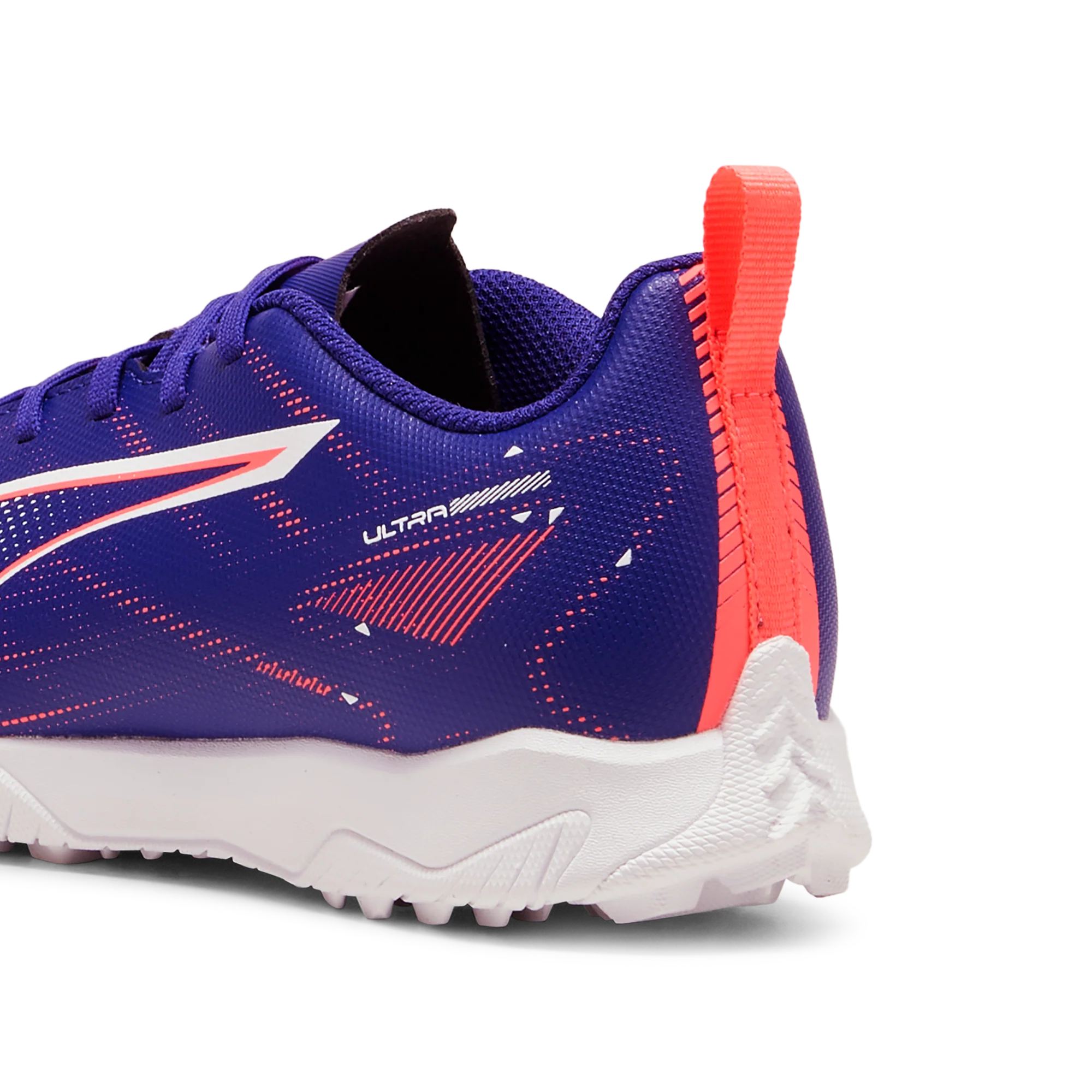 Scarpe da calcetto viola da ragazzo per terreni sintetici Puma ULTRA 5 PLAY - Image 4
**********
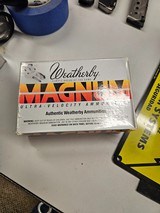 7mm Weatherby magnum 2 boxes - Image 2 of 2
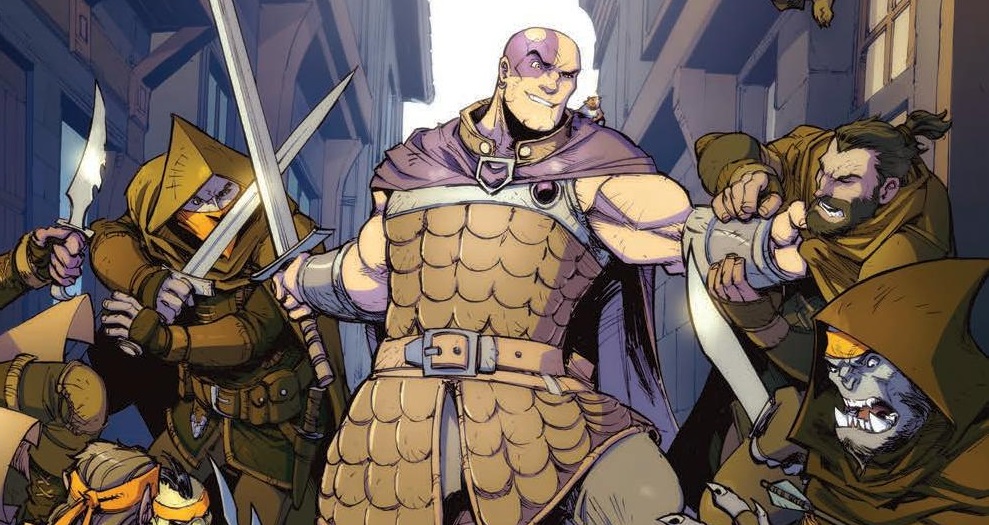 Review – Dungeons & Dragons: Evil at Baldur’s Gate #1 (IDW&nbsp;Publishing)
**********
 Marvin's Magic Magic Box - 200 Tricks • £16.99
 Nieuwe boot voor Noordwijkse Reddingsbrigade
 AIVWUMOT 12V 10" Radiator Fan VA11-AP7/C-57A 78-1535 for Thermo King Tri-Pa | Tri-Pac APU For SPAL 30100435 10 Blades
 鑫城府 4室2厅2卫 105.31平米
**********
[What you are asked to do]:
Copy out the lines above exactly, beginning at the one that contains "Marvin's Magic Magic" and ending at the one that contains "鑫城府 4室2厅2卫 105.31平米".

[Exercise answer]:
 Marvin's Magic Magic Box - 200 Tricks • £16.99
 Nieuwe boot voor Noordwijkse Reddingsbrigade
 AIVWUMOT 12V 10" Radiator Fan VA11-AP7/C-57A 78-1535 for Thermo King Tri-Pa | Tri-Pac APU For SPAL 30100435 10 Blades
 鑫城府 4室2厅2卫 105.31平米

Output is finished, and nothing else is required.